> **REQUIREMENT**: Omit all pictures, then repeat the listing exactly.

> **DATA PROVIDED**:
>>>>

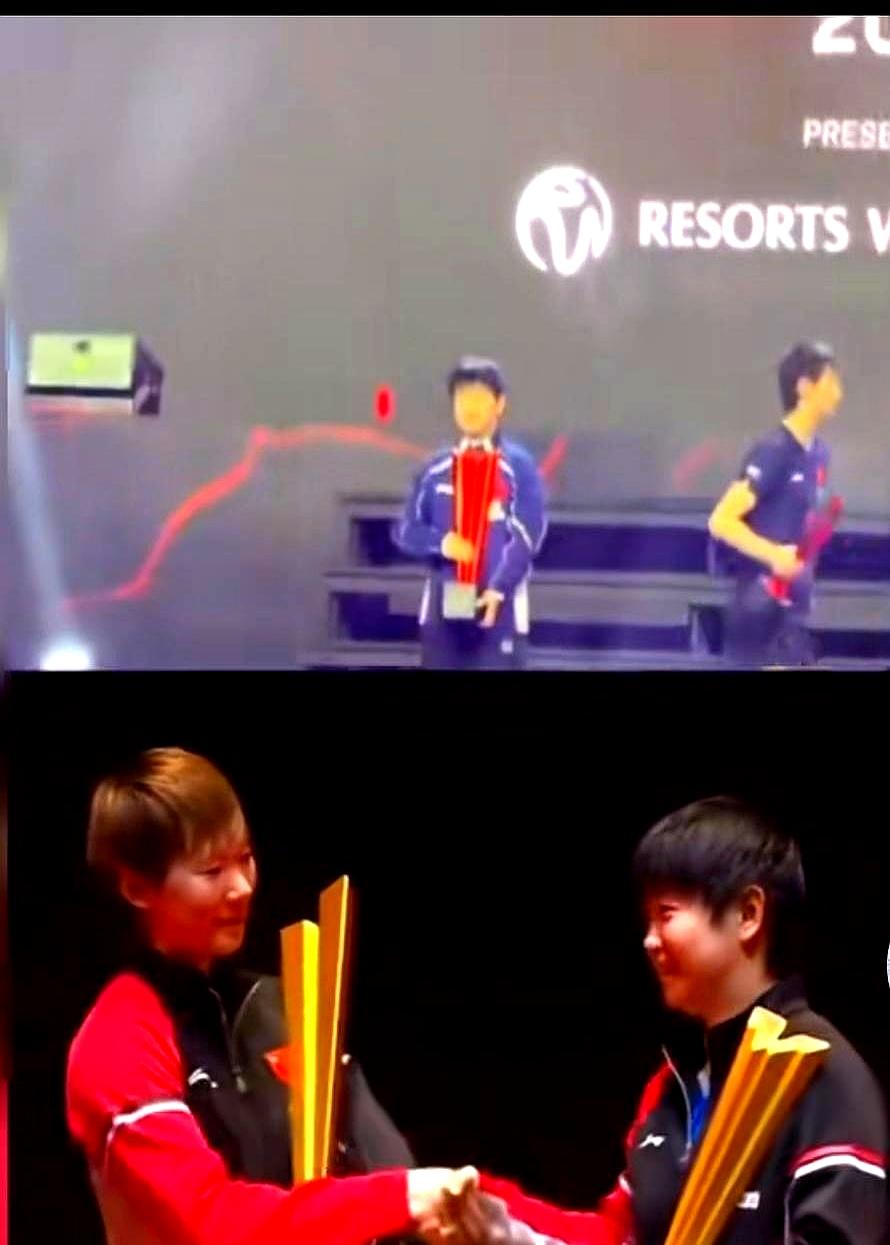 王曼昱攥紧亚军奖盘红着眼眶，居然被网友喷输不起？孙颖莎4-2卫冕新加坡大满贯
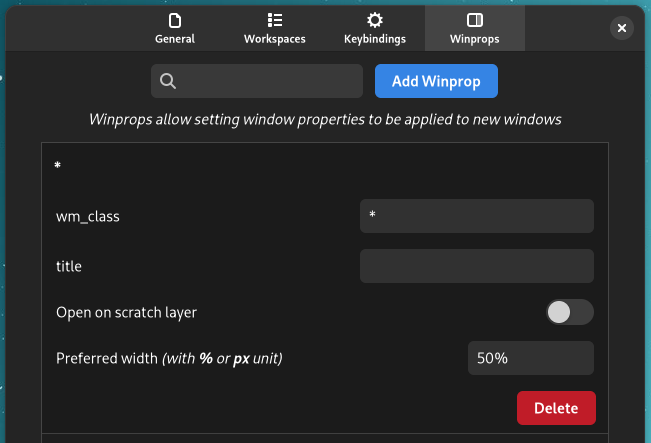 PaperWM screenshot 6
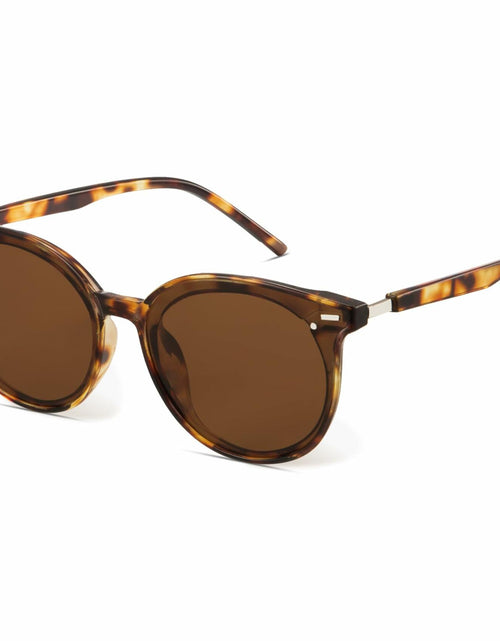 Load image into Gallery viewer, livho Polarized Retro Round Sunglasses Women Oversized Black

<<<<

> **FINAL ANSWER**:
 王曼昱攥紧亚军奖盘红着眼眶，居然被网友喷输不起？孙颖莎4-2卫冕新加坡大满贯
 PaperWM screenshot 6
 Load image into Gallery viewer, livho Polarized Retro Round Sunglasses Women Oversized Black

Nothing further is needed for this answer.